Linc Energy has signalled it will spin off its coal division, with chief executive Peter Bond saying the coal business will “end up being floated off and stand on its own two feet.” The spin-off would include coal assets and a future royalty tied to Adani Mining's Carmichael project.

Linc is entitled to a $2-per-tonne royalty from Adani Mining’s Carmichael Coal project. Linc sold the tenement to Adani for $500 million in 2010, and the royalty applies to the yet-to-be-approved Carmichael project in Queensland’s Galilee Basin.

Adani's Carmichael project is described as a 1.2 billion-tonne coal project in the Galilee Basin. The project has been reported to plan mining about 60 million tonnes a year for at least 20 years, with production potentially starting from early 2016 — meaning royalty payments would depend on the project receiving approval and proceeding to production.
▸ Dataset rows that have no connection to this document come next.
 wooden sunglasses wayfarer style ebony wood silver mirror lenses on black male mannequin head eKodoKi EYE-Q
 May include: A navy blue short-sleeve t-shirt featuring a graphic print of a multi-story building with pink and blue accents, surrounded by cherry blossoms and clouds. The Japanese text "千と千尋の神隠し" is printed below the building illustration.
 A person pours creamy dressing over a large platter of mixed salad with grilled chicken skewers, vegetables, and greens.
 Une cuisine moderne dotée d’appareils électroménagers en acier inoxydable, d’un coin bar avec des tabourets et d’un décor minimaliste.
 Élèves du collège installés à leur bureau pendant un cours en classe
Based on the figures reported — a $2-per-tonne royalty and a proposed 60 million tonnes a year — that would imply around $120 million a year in royalties while production runs at that level. Actual payments depend on the project being approved and operating at the stated scale.

Linc Energy shares nearly tripled from late November levels (when they were trading below 60¢). On the Wednesday reported, shares closed up 10% (19¢) to $2.16. However, they remain below their September 2008 high of $4.96.
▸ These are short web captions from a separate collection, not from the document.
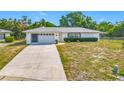 Charming single-story home with a well-maintained lawn, long drive-way and attached garage at 670 Oleander St, Mount Dora, FL 32757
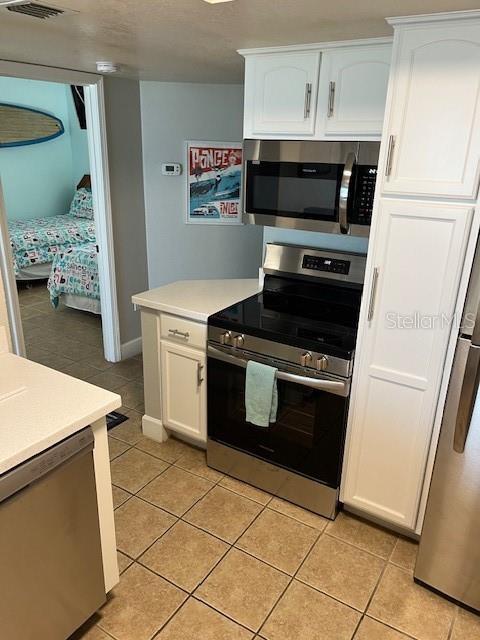 4453 S Atlantic Ave Unit 602, Ponce Inlet, FL 32127 - kitchen with stainless steel appliances, light tile patterned floors, white cabinets, and light countertops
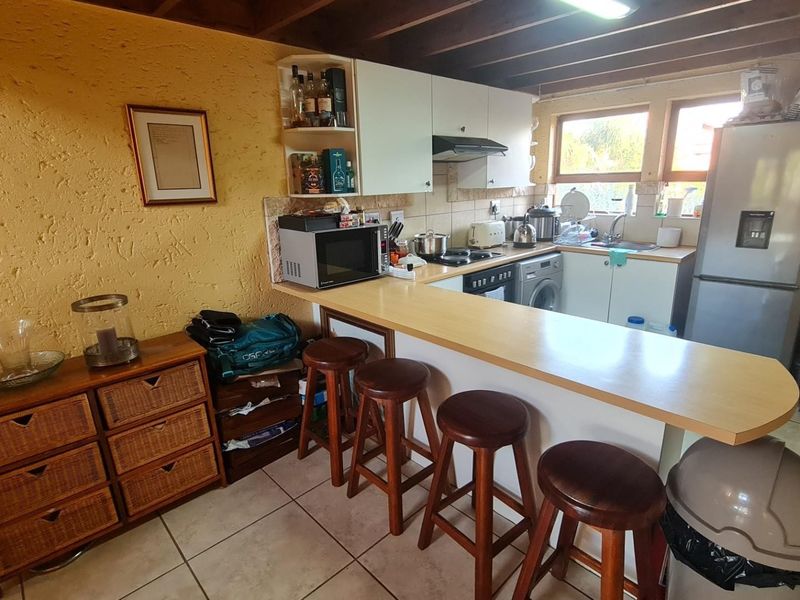 A functional kitchen featuring a breakfast bar, built-in cabinetry, integrated appliances, and exposed timber ceiling beams, offering a practical layout for daily use.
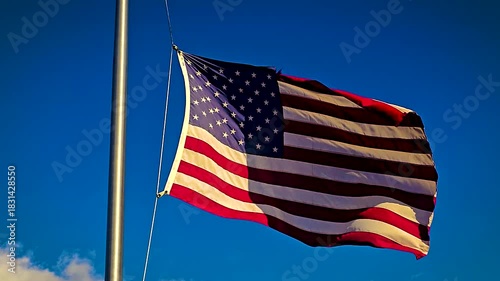 waving American flag on a tall flagpole stretches against a clear blue sky, symbolizing patriotism, freedom, and national pride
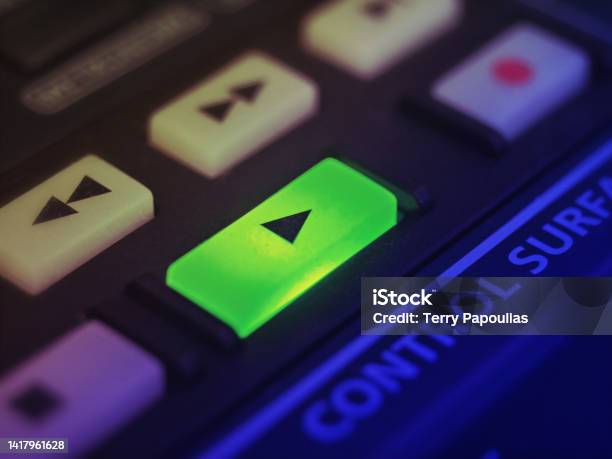 Highlighted Play Button Of A Professional Music Controller Used On Entertainment Industry Video Or Audio Stock Photo - Download Image Now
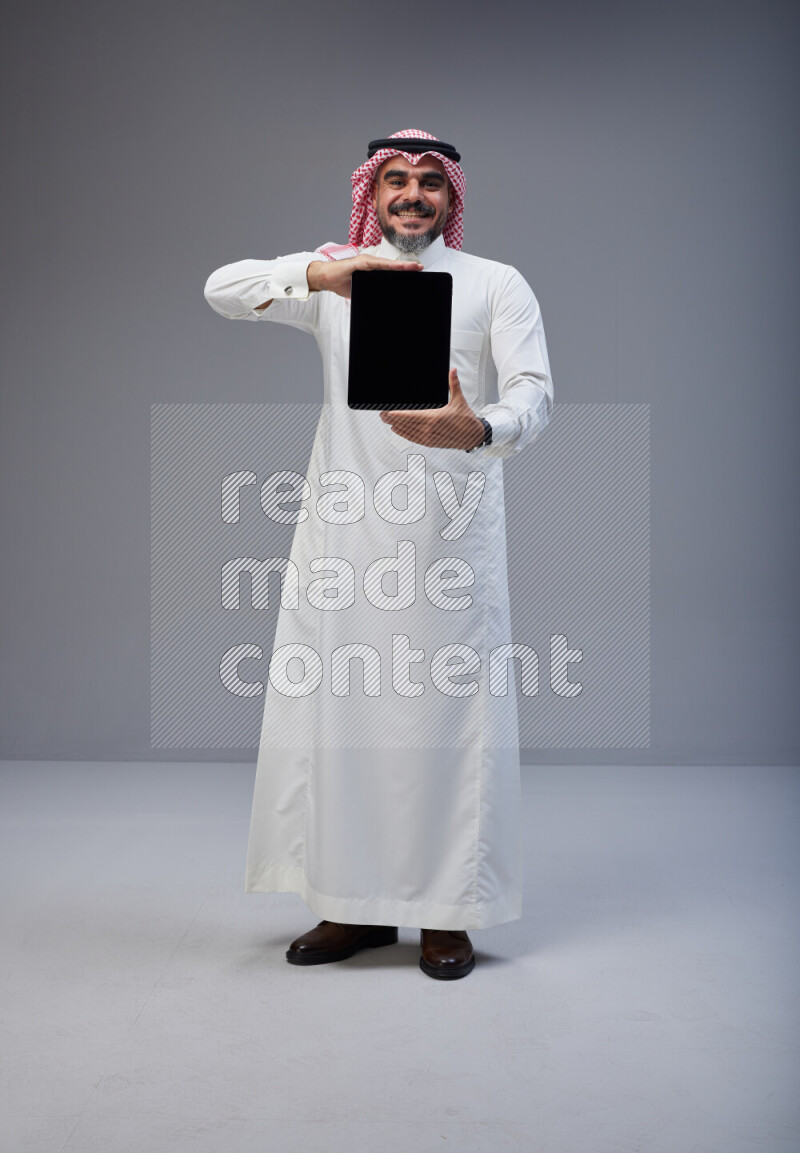 Saudi man Wearing Thob and red Shomag standing showing tablet to camera on Gray background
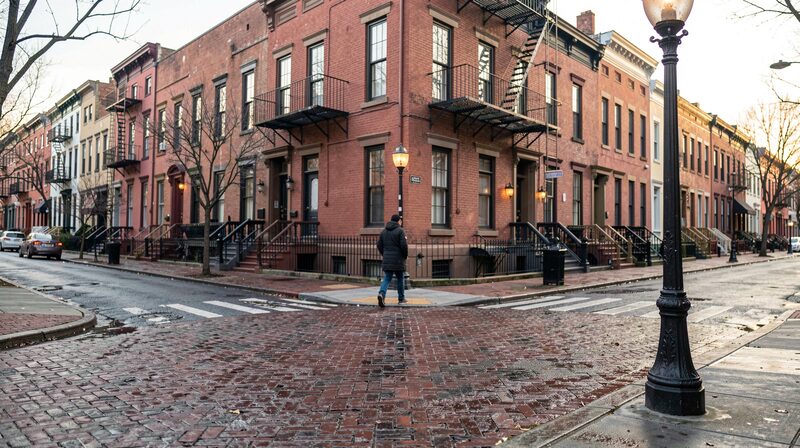 A Baltimore corner at dusk: a terrace of red brick row houses with iron balconies, wet cobblestones catching the light of a cast-iron street lamp, and one figure crossing on the kerb paint.
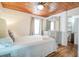 Bedroom with wood ceiling, window, dresser and bed with light blue bedding at 405 Palmetto Blvd, Edisto Island, SC 29438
Two independent consultants evaluated three formations in the Arckaringa Basin and found they were rich in shale oil and gas-prone kerogen. Linc said the resource in its 100%-owned acreage compared favourably with prolific US unconventional liquids plays like the Bakken and Eagle Ford.

Linc has appointed Barclays Bank to find a farm‑in partner with shale oil expertise to fund development of Arckaringa. The company is seeking a partner to help take the play to the next stage of development.

Linc said it is looking for a partner to put $200 million to $300 million “into the ground” to advance Arckaringa. The company expects to retain a significant stake in the project — Mr Bond said they would “probably hold at least half of it.”